Jordan Silvester [00:13:03]:
Yeah.

James [00:13:04]:
So upside down 150?

Jordan Silvester [00:13:07]:
Yeah. So we ended up, you’ve seen some people. So, actually, myself. So I bought quite a few just before the market shifted. I lost about 80 on a couple of them. Look, choosing to take the liquid loss at the time due to cash flow being almost impossible due to the borrowing rate being at 6 a half percent. It was like, you know, the w no versus the w don’t, and you’re sitting there going, well, okay. So I either keep all this leverage.

Jordan Silvester [00:13:30]:
Right? Because it’s not just the money that I’m gonna lose. It’s also all that extra leverage. If the market does continue to drop for any reason, you’re not getting yourself like, that that shovel gets harder, and you’re also carrying again, I was private lending. So 1% per month on half a $1,000,000 is is not cheap. You know? You’re looking you’re looking at $30 a year. So, you know, when you start to look at those numbers, it was just a matter of making some tough decisions. And people, the bent like I said, the benefit if you were on variables that a lot of them did go interest only for now. Right? So we have ability to maybe survive.

Jordan Silvester [00:13:59]:
And as they, as the, as the market adjusts, we might make it out. If not, the market is rising right now, again in Windsor. It’s not going up crazy. I would still call what we are doing is stable. We’ve been very stable probably for about a year, maybe 6, 6 to 8 months at least. We’ve seen a very stable market with minor minor variances down, minor variances up. But like I said, we basically within 6 months lost almost 30 35% of our market almost overnight. In in real estate, if you think about that, like, how quickly can you close something, renovate something, and flip something.

Jordan Silvester [00:14:30]:
If you set your closing 33 months out because of the time, that was a good idea because it 3 months later, it was worth 10% more just because you waited. Right? So those are some of the life lessons I had to learn, some really hard ones. I just call it my PhD in investing. Right? And so with that, I I, I won’t look back. People like, well, would you do things differently? It’s like, I, the only thing I’d remind myself is to have less hubris again, that 18 year old that I talked about earlier, you know, the 38 year old wasn’t that much brighter in some ways. He I believed I knew what I knew because I knew the business so well. I just didn’t understand the government very well. I didn’t understand interest rates very well in the sense of how they impact so much of life.

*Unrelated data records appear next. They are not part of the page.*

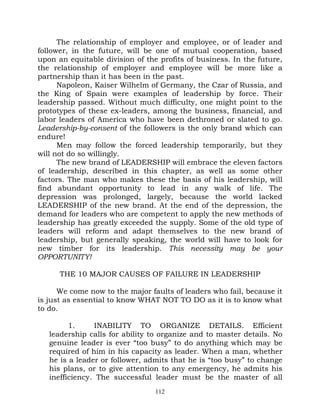 The relationship of employer and employee, or of leader and
follower, in the future, will be one of mutual cooperation, based
upon an equitable division of the profits of business. In the future,
the relationship of employer and employee will be more like a
partnership than it has been in the past.
      Napoleon, Kaiser Wilhelm of Germany, the Czar of Russia, and
the King of Spain were examples of leadership by force. Their
leadership passed. Without much difficulty, one might point to the
prototypes of these ex-leaders, among the business, financial, and
labor leaders of America who have been dethroned or slated to go.
Leadership-by-consent of the followers is the only brand which can
endure!
      Men may follow the forced leadership temporarily, but they
will not do so willingly.
      The new brand of LEADERSHIP will embrace the eleven factors
of leadership, described in this chapter, as well as some other
factors. The man who makes these the basis of his leadership, will
find abundant opportunity to lead in any walk of life. The
depression was prolonged, largely, because the world lacked
LEADERSHIP of the new brand. At the end of the depression, the
demand for leaders who are competent to apply the new methods of
leadership has greatly exceeded the supply. Some of the old type of
leaders will reform and adapt themselves to the new brand of
leadership, but generally speaking, the world will have to look for
new timber for its leadership. This necessity may be your
OPPORTUNITY!

      THE 10 MAJOR CAUSES OF FAILURE IN LEADERSHIP

      We come now to the major faults of leaders who fail, because it
is just as essential to know WHAT NOT TO DO as it is to know what
to do.

         1.     INABILITY TO ORGANIZE DETAILS. Efficient
   leadership calls for ability to organize and to master details. No
   genuine leader is ever “too busy” to do anything which may be
   required of him in his capacity as leader. When a man, whether
   he is a leader or follower, admits that he is “too busy” to change
   his plans, or to give attention to any emergency, he admits his
   inefficiency. The successful leader must be the master of all
                                 112
 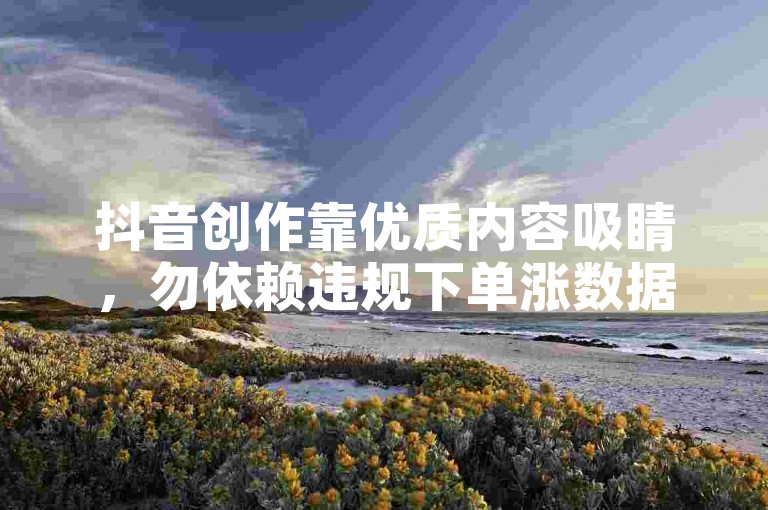 抖音创作靠优质内容吸睛，勿依赖违规下单涨数据。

Jordan Silvester [00:15:08]:
Like, I knew that they impacted, like, my borrowing power and these things. I just didn’t consider it in every arena, from, you know, car payments to to groceries, to cost of living, to all of the other arenas that when they raise this rate, it’s gonna raise the cost of pretty much everything within our reach. And that’s the part where you’re like, okay. Well, I can take this loss. It’s not a big deal. Like, I run a business, you know, take an $80,000 loss. We retranslate that into money over here, and you do some things. But, like, all of a sudden, you’re standing there going, but my house isn’t worth what it was.

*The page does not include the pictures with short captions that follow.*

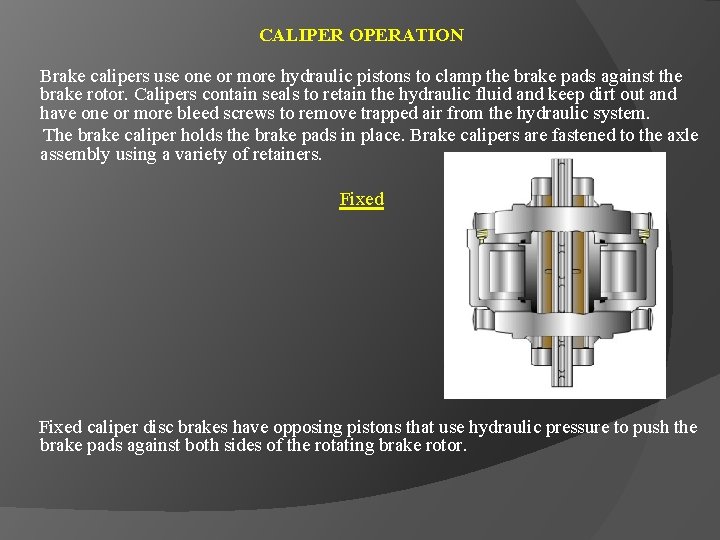 CALIPER OPERATION Brake calipers use one or more hydraulic pistons to clamp the brake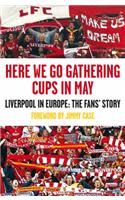 Here We Go Gathering Cups in May: Liverpool in Europe, the Fans' Story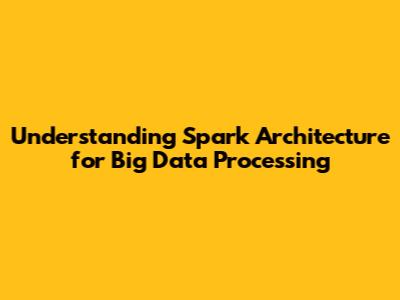Understanding Spark Architecture for Big Data Processing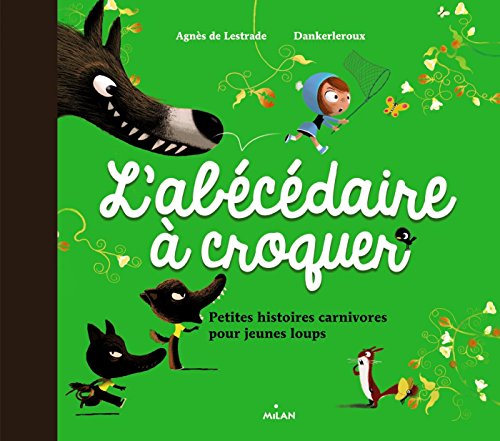 Beispielbild fr L'abcdaire  Croquer : Petites Histoires Carnivores Pour Jeunes Loups zum Verkauf von RECYCLIVRE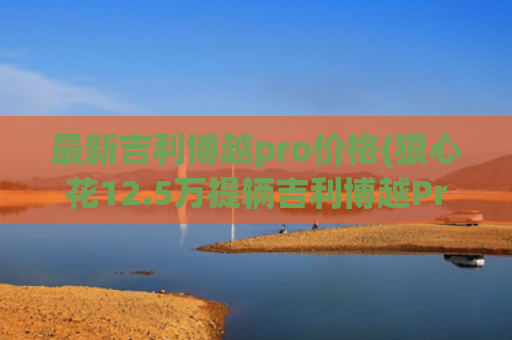 最新吉利博越pro价格(狠心花12.5万提辆吉利博越Pro，用车900公里后，车主表示有话要说)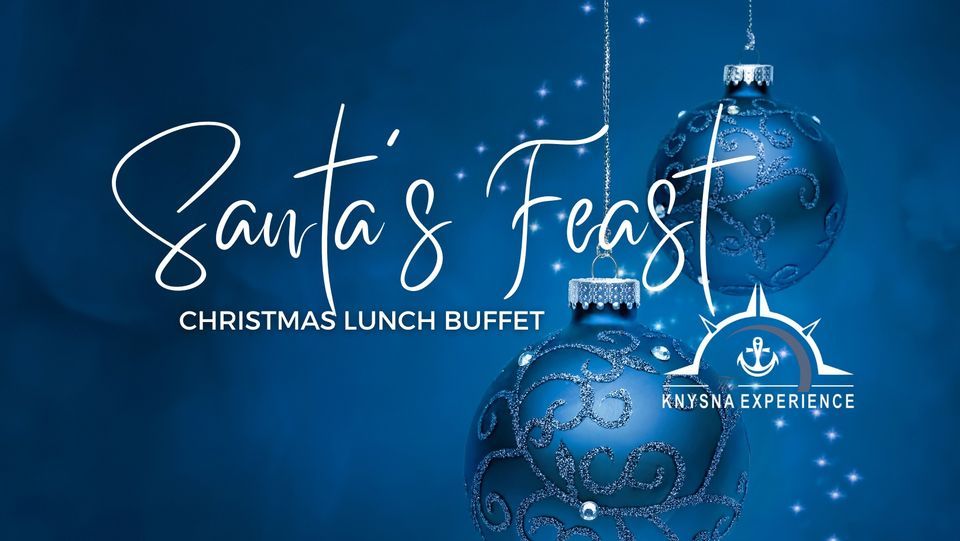 SANTAS FEAST CHRISTMAS LUNCH Thesen Island, Knysna December 25, 2023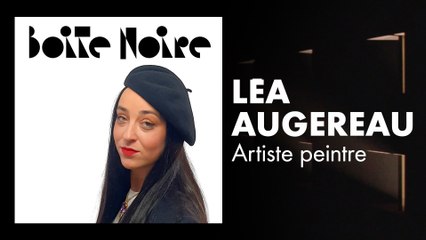 Léa Augereau | Boite Noire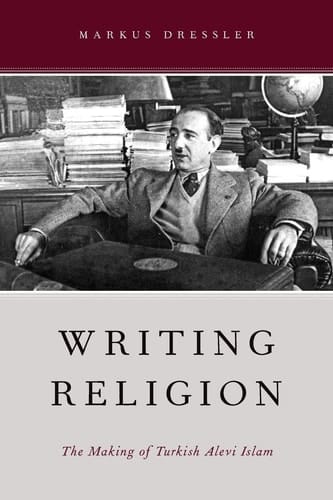 Writing Religion: The Making of Turkish Alevi Islam (AAR Reflection and Theory in the Study of Religion Series)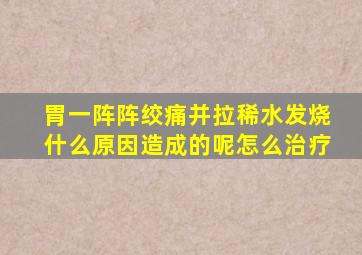 胃一阵阵绞痛并拉稀水发烧什么原因造成的呢怎么治疗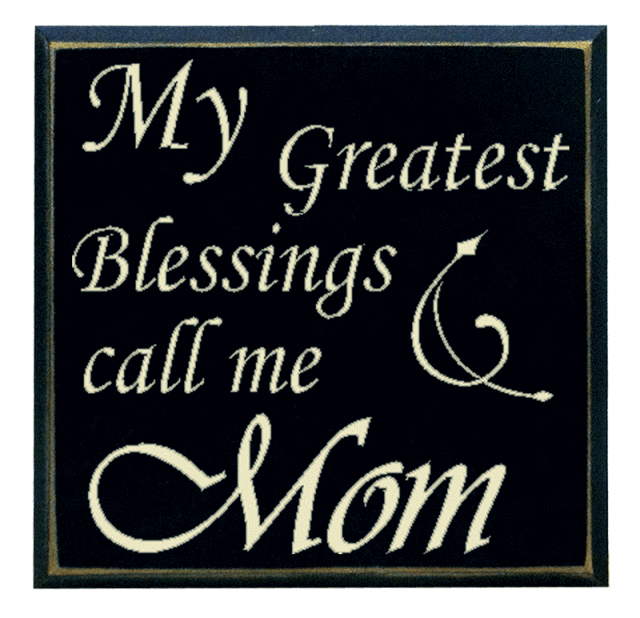 "My Greatest Blessings call me Mom"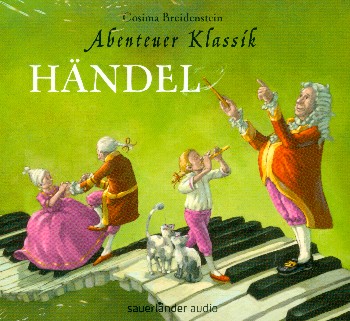 Abenteuer Klassik - Händel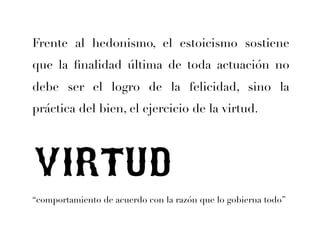 Frente al hedonismo, el estoicismo sostiene 
que la finalidad última de toda actuación no 
debe ser el logro de la felicidad, sino la 
práctica del bien, el ejercicio de la virtud. 
VIRTUD 
“comportamiento de acuerdo con la razón que lo gobierna todo” 
 
 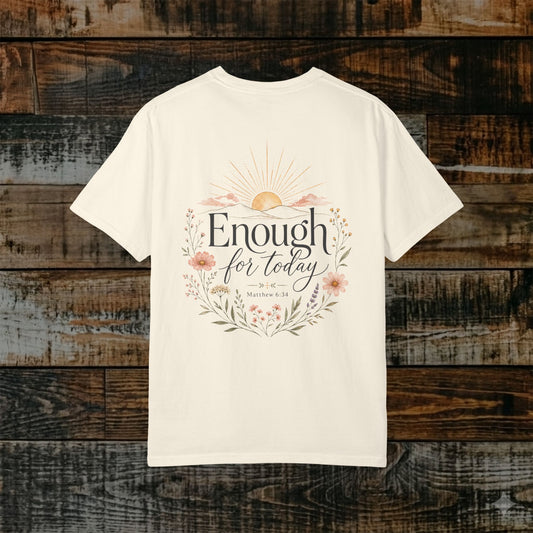 Illustrated Scripture Tee - Matthew 6:34 - Enough for today back print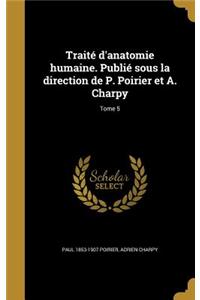 Traité d'anatomie humaine. Publié sous la direction de P. Poirier et A. Charpy; Tome 5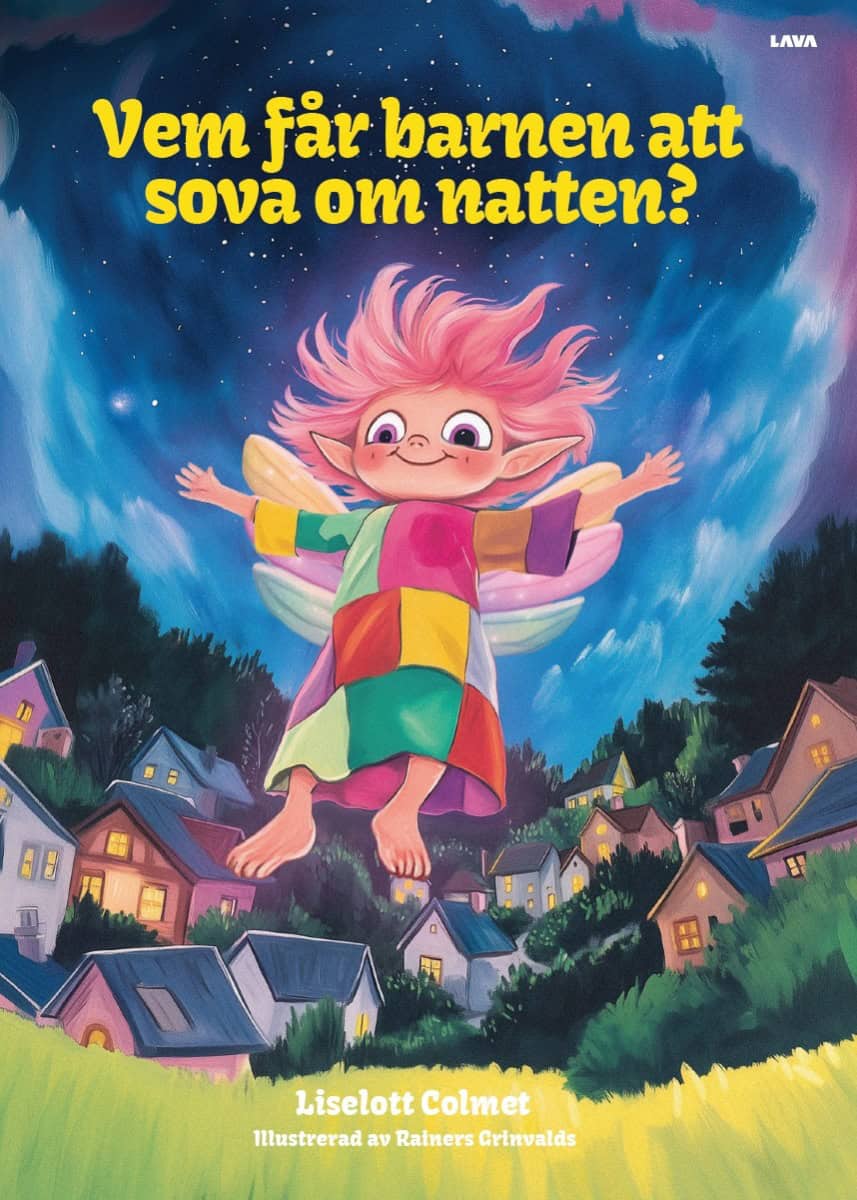 Liselott Colmet : Vem får barnen att sova om natten?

Jordan Silvester [00:15:37]:
My other investments aren’t worth what they were. It’s it’s this big change where all of the protection I thought I had disappeared almost as quickly as the money that I had invested disappeared to right? Like, all of the things I was like, oh, if I lose it like, because in your head, you’re like, okay. What assets do I have, or what backing do I have if something does go bad with this flip? Let’s say something goes wrong or we don’t make enough money or we lose money. Like, where can I tap if I needed to to make sure everything’s okay? Well, I always looked at my primary residence as an asset. I looked at my other investments as assets. The issue was was as this one crumbled, so did they. They lost their value just as quickly as this one lost its value. So all of the wealth per se that I was leaning on on one side disappeared just as quickly as the wealth I was trying to earn on the other.

Jordan Silvester [00:16:18]:
And in that moment, my brain was like, Okay. I’m gonna have to I gotta go talk to my wife because I go talk to my lenders and some of the people in my world and just humble myself and be like, I just made a mistake. Like, on it like, it just did like, I didn’t I meant to be able to make sure everything was okay, and I honestly thought that’s why when I give a personal guarantee, I honestly believe my personal wealth would have been able to deal with it. I just didn’t consider this simple truth, which makes a lot of sense. Now it’s easy to see in hindsight was that all of my wealth was generally in real estate equity. That’s where most of my wealth was sitting. So when the real estate equity disappeared, so did it in the investment because the the investment was also in real estate equity. So both things disappeared simultaneously.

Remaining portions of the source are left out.